فَمَنْ حَاۤجَّكَ فِيْهِ مِنْۢ بَعْدِ مَا جَاۤءَكَ مِنَ الْعِلْمِ فَقُلْ تَعَالَوْا نَدْعُ اَبْنَاۤءَنَا وَاَبْنَاۤءَكُمْ وَنِسَاۤءَنَا وَنِسَاۤءَكُمْ وَاَنْفُسَنَا وَاَنْفُسَكُمْۗ ثُمَّ نَبْتَهِلْ فَنَجْعَلْ لَّعْنَتَ اللّٰهِ عَلَى الْكٰذِبِيْنَ ( آل عمران: ٦١ )
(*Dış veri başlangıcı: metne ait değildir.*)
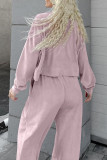 Casual Street Solid Color Pocket Lace Up Turndown Collar Long Sleeve Two Pieces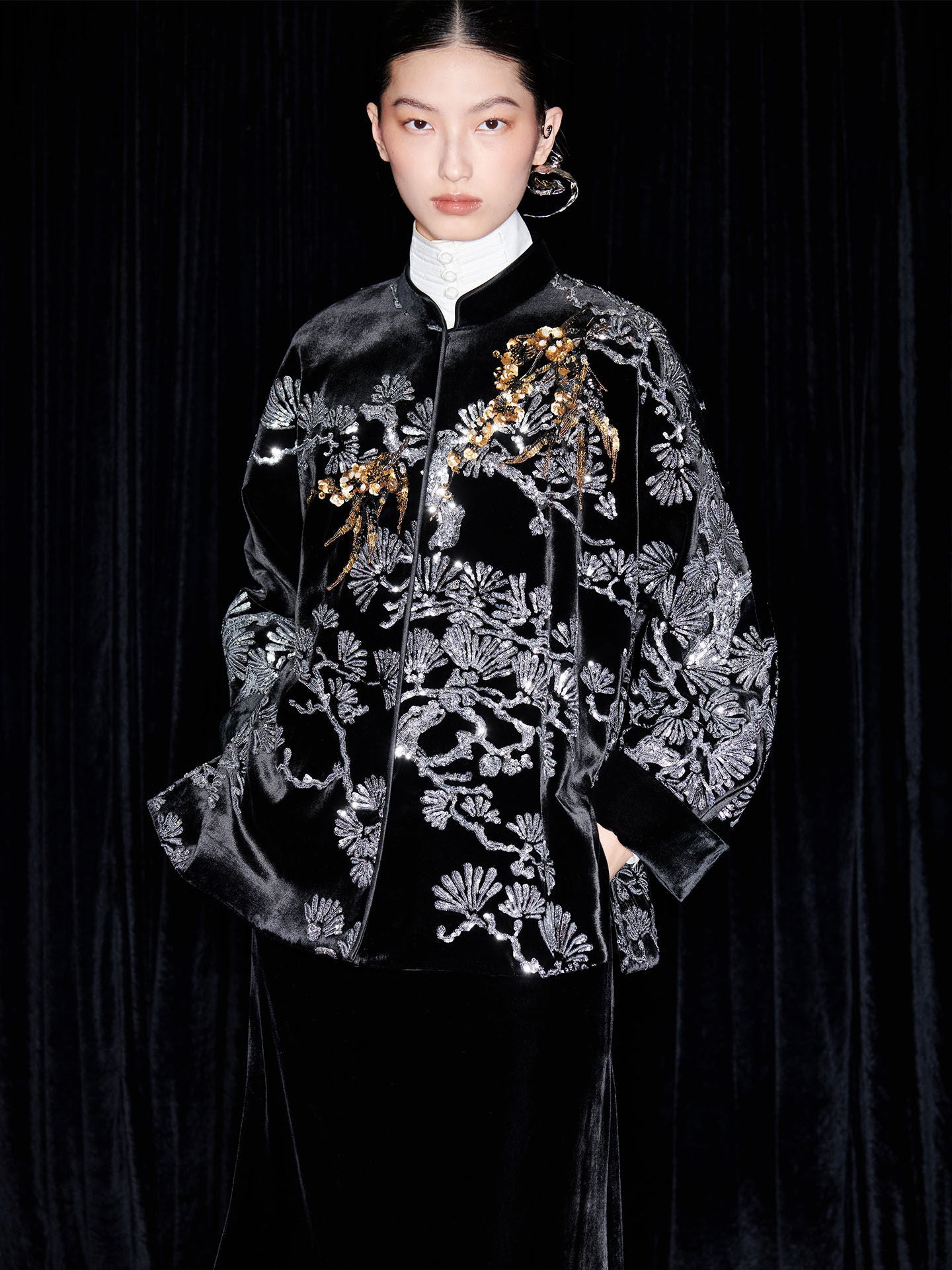 M ESSENTIAL Ma Kai designer embroidery bamboo stand-up collar jacket - JESU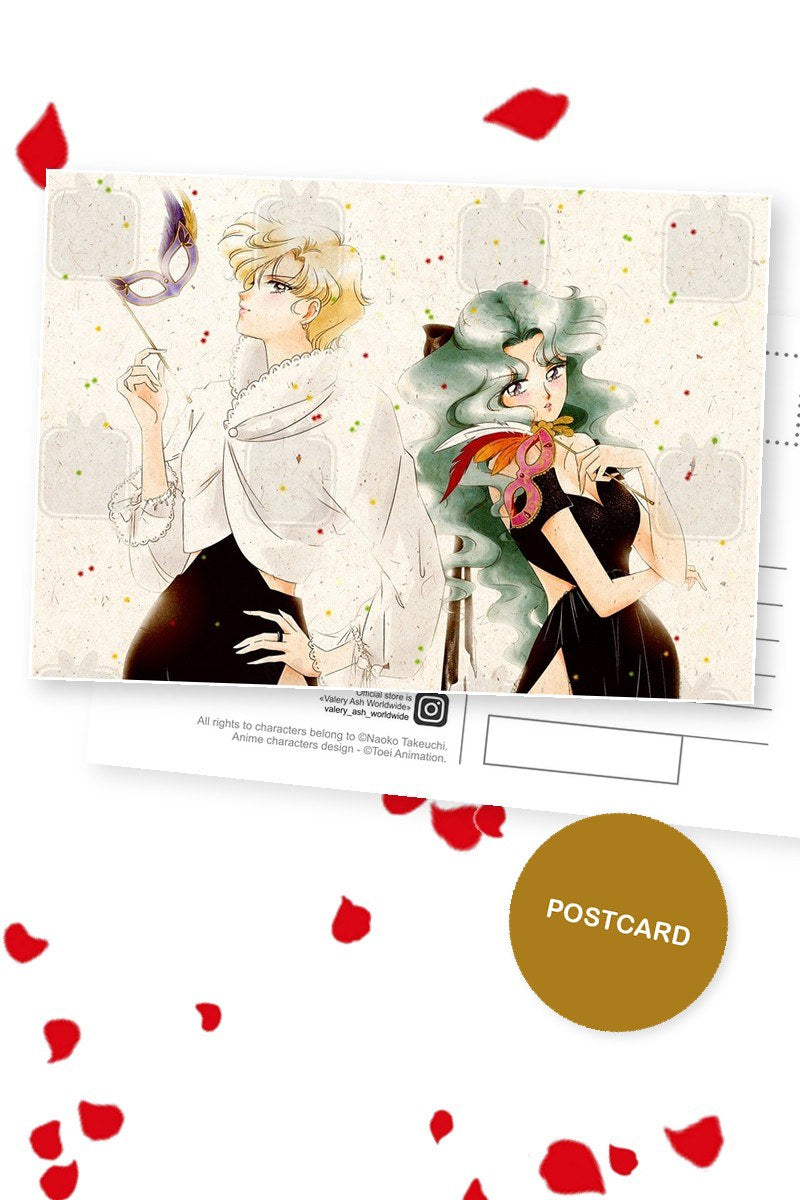 Masked Ball — Haruka and Michiru at a masked ball holding carnival masks, digital fan art postcard by Valery ASH, 2019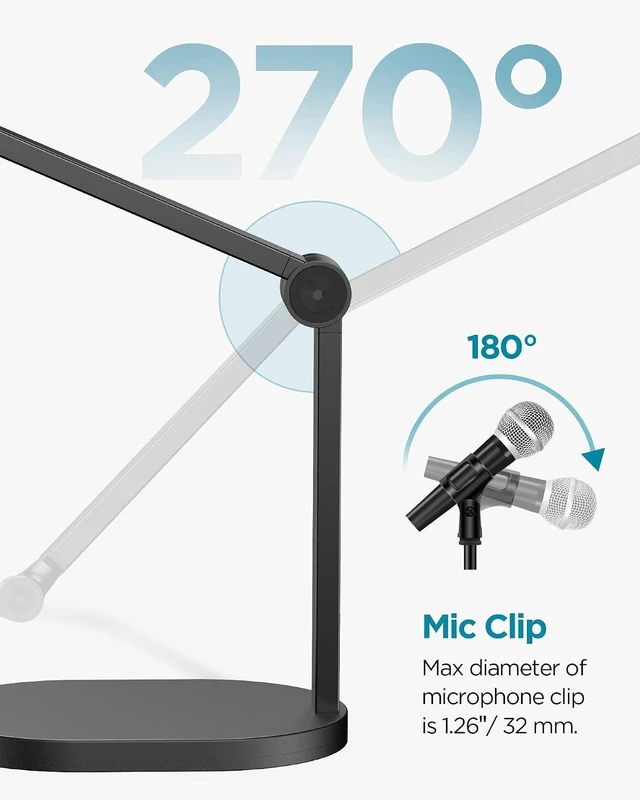 Alt view image 3 of 6 - Mic Stand Desk Max Load 2.64 lb Desktop Microphone Stand Boom Arm for Fifine AM8 K669B Blue Yeti HyperX, Minimal Footprint, Fine-Tune Tension, Heavy Hold, 2.64 lb Weight Capacity
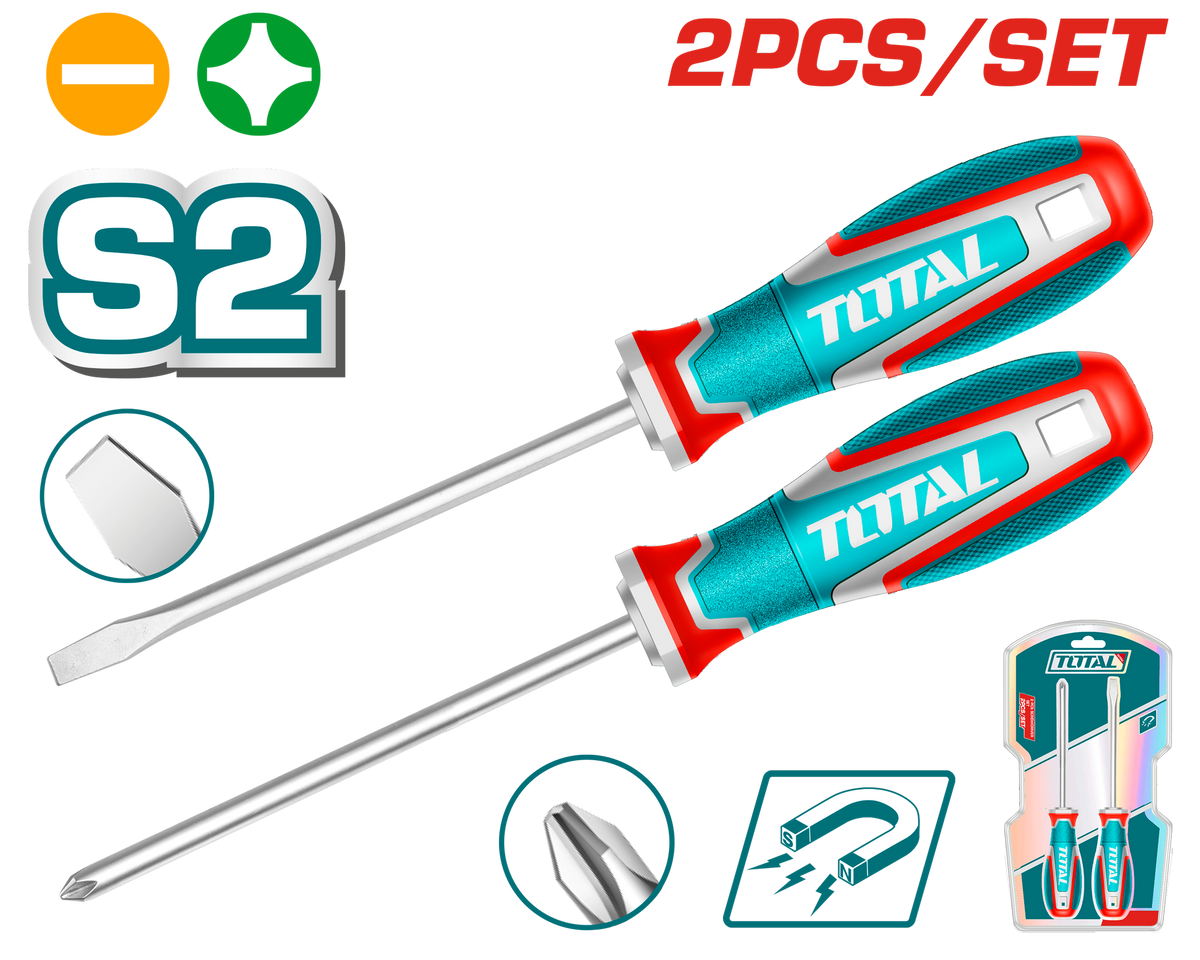 TOTAL 2 Pcs Screwdriver Set – S2 Steel – Magnetic Tips (TKSDS0226)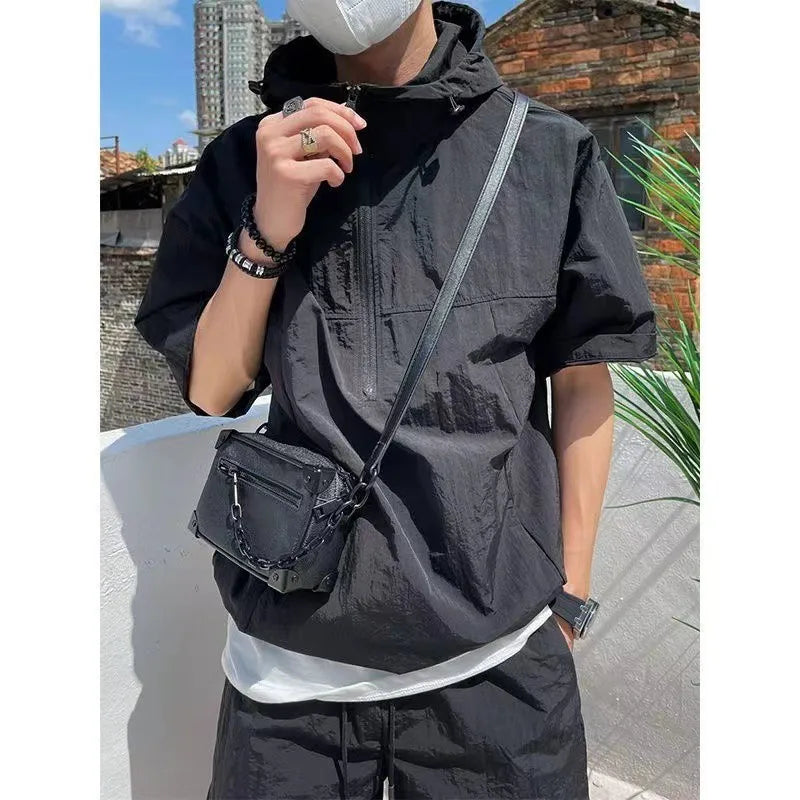 Summer Cargo Style Set Men's Casual Hooded Solid Short Sleeve T-shirt Shorts Loose Fashion High Quality Handsome Sweatshirt Suit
femen ḥâccâke fîhi mim ba`di mâ câeke mine-l`ilmi feḳul te`âlev ned`u ebnâenâ veebnâeküm venisâenâ venisâeküm veenfüsenâ veenfüseküm ŝümme nebtehil fenec`al la`nete-llâhi `ale-lkâẕibîn. (ʾĀl ʿImrān 3:61)
Diyanet Isleri:
Sana ilim geldikten sonra, bu hususta seninle kim tartışacak olursa, de ki: "Gelin, oğullarımızı, oğullarınızı, kadınlarımızı, kadınlarınızı, kendimizi ve kendinizi çağıralım, sonra lanetleşelim de, Allah'ın lanetinin yalancılara olmasını dileyelim".
English Sahih:
Then whoever argues with you about it after [this] knowledge has come to you – say, "Come, let us call our sons and your sons, our women and your women, ourselves and yourselves, then supplicate earnestly [together] and invoke the curse of Allah upon the liars [among us]." ([3] Ali 'Imran : 61)
1 Abdulbaki Gölpınarlı
Sana iyice bildirildikten sonra da gene bu hususta seninle tartışan olursa de ki: Gelin, oğullarımızı ve oğullarınızı, kadınlarımızı ve kadınlarınızı çağıralım, biz bizzat gelelim, siz de gelin. Ondan sonra da dua edelim ve Allah'ın lanetini yalancılara havale edelim.